Space Transportation Operations Cost Modeling and the Architectural Assessment Tool - Enhanced
E. Zapata, NASA John F. Kennedy Space Center and Dr. A. Torres, Florida Gulf Coast University, Fl
FOR THE
50th International Astronautical Congress
Presented Amsterdam, the Netherlands, October, 1999
DOWNLOAD >> IAF_99_Final_AATe.pdf (.pdf File - 314 KB)
Abstract
This paper presents an approach to space transportation operations cost modeling which synergistically combines knowledge capture with data. The functioning model derived from this approach will be described. As with any model, the goal is to gain insights into systems which do not yet exist, in this case advanced reusable launch vehicle (RLV) concepts. These insights include the interaction of a launch vehicle with its ground infrastructure, hereafter referred to as the spaceport. These interactions include the need, or not, for multiple facilities and ground support equipment (GSE), costs resulting from acquiring facilities and GSE, time cycles and costs resulting from flight vehicle design and operational decisions, and costs per pound for a resulting flight rate. These interactions also include the variation of all these factors when a concept strives to meet a desired demand, or yearly space-lift requirement. The significance of this approach to space transportation cost modeling, particularly operations, will be shown in relation to the current state of operations cost modeling. Further, the potential use of such an approach in multitudes of decision making opportunities today, ranging from technology investment to business decisions, will be outlined. A work in progress for the extension of this approach to a broad range of space transportation systems will also be described. The latter is called the Vision Spaceport project.

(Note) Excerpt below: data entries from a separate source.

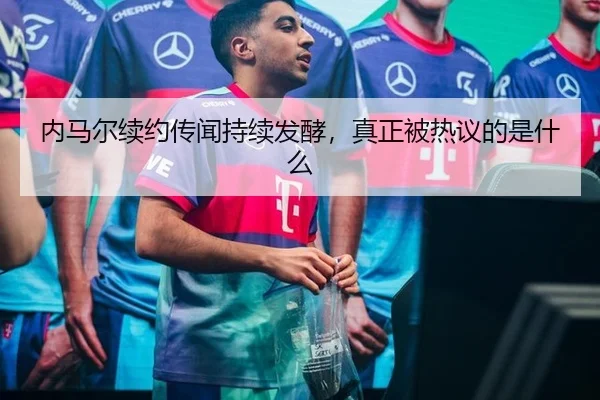 内马尔续约传闻持续发酵，真正被热议的是什么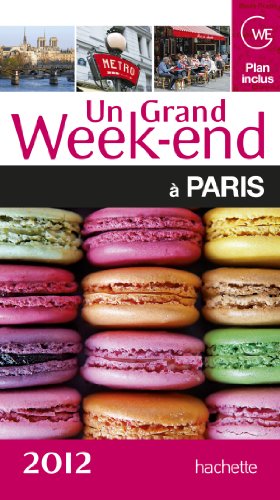 Stock image for Un grand week-end a Paris 2012 for sale by Better World Books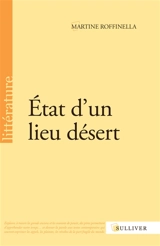 Etat d'un lieu désert - Martine Roffinella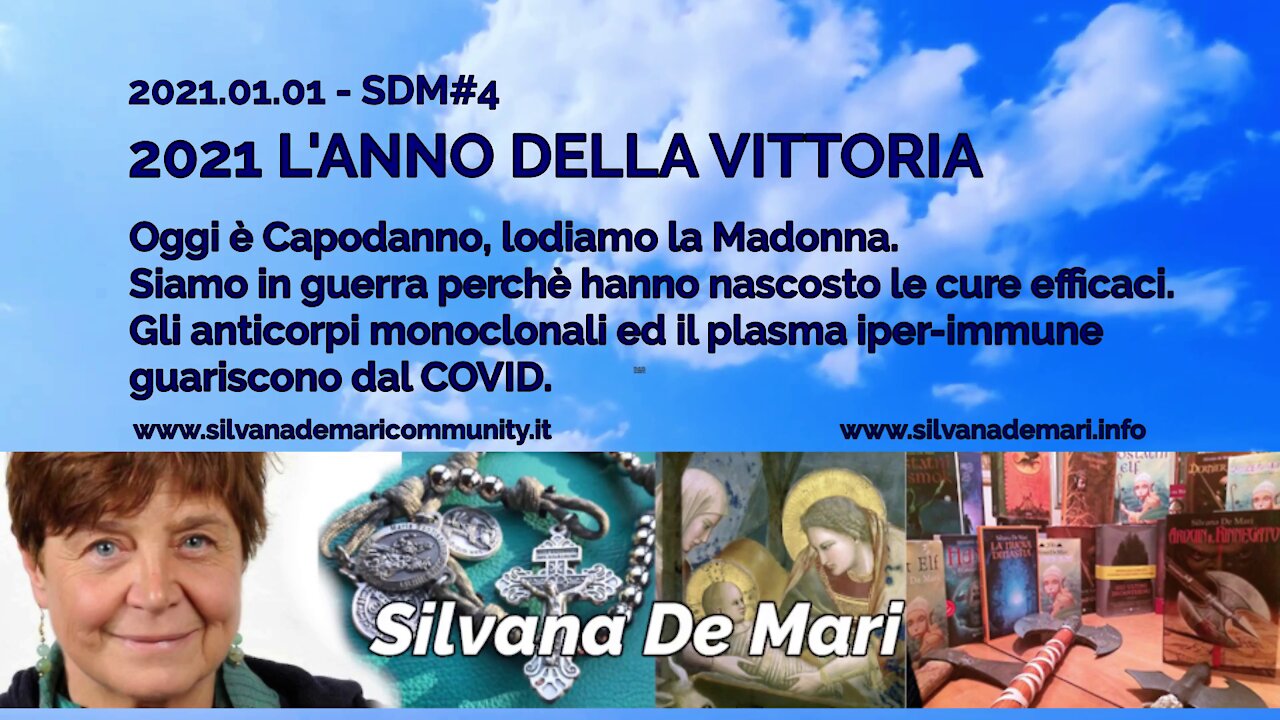 Silvana De Mari - 2021 L'ANNO DELLA VITTORIA - 2021.01.01 SDM#4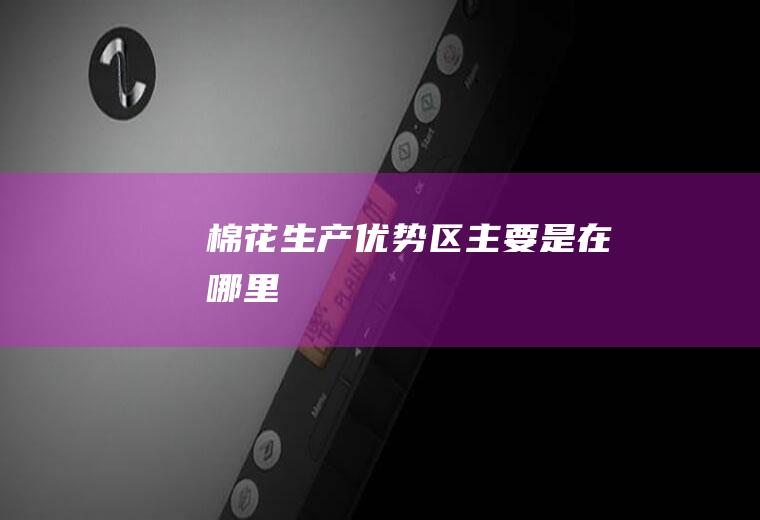 棉花生产优势区主要是在哪里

Further, work in the application of this model to both near and far term studies will be reviewed. In the near term, NASA has recently completed a Space Transportation Architecture Study (STAS) for 1999. This study had as it’s objectives determining: (1) should the Space Shuttle system be replaced, (2) if so, when the replacement should take place and how the transition should be implemented, and (3) if not, what is the upgrade strategy to continue safe and affordable flights of the Space Shuttle. The use of the model and approach presented here, applied in support of this study, will be summarized for this sample set of cases.
In the far term, the application of this tool to the Space Solar Power (SSP) study will also be summarized. The SSP study has, as one of its objectives, a definition of Earth-to-Orbit concepts that are capable of meeting the economic challenges of the broader SSP project. This includes defining concepts capable of hundreds of flights per year per vehicle, at costs in the range of 100’s of dollars per kilogram. The types of concepts derived and the characteristics of these, as well as implications for spaceport development, and overall flight and ground technology development will be briefly summarized.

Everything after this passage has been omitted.